La periodista y presentadora colombiana Beatriz Helena Álvarez, después de más de treinta años frente a las cámaras, ha decidido poner en palabras su propia transformación interior. Su historia mezcla la fuerza de una mujer que fue madre muy joven, que se abrió camino en los grandes canales de televisión y que, en medio de relaciones sentimentales complejas, eligió mirarse de frente, nombrar sus heridas y convertirlas en una ruta de autoconocimiento y espiritualidad. Su relación y posterior ruptura con el actor Marcelo Dos Santos no solo ocupó titulares, también marcó un antes y un después en su vida afectiva, al confrontarla con temas como la infidelidad, la violencia emocional y la necesidad de poner límites desde el amor propio.

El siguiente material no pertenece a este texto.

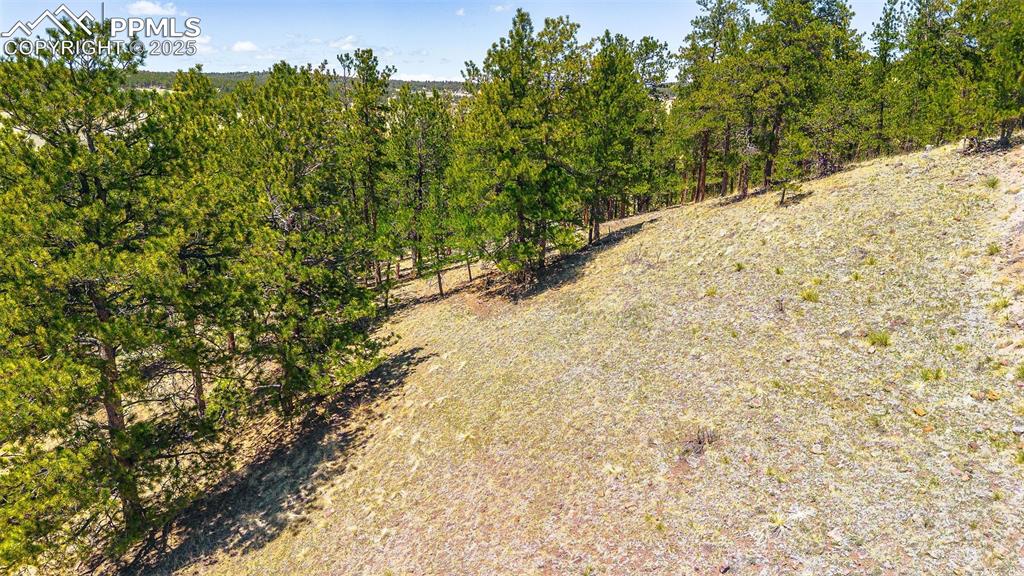 56 Dallas Park Circle Florissant CO 80816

De ese quiebre nace su libro Con permiso, me elijo, una obra que va más allá de la crónica sentimental para convertirse en un testimonio íntimo y, al mismo tiempo, en una invitación colectiva. En sus páginas, Beatriz entrelaza recuerdos de pareja, maternidad, trabajo y fe con una mirada profundamente espiritual, proponiendo dejar atrás el amor romántico idealizado y asumir la responsabilidad de construirse una vida más consciente y coherente. Desde su voz de comunicadora, coach y “buscadora espiritual”, habla a quienes se reconocen en relaciones dolorosas, en patrones que se repiten, y los invita a hacer de su propia biografía un acto de amor consciente. SEMANA conversó con ella a propósito del lanzamiento de su libro.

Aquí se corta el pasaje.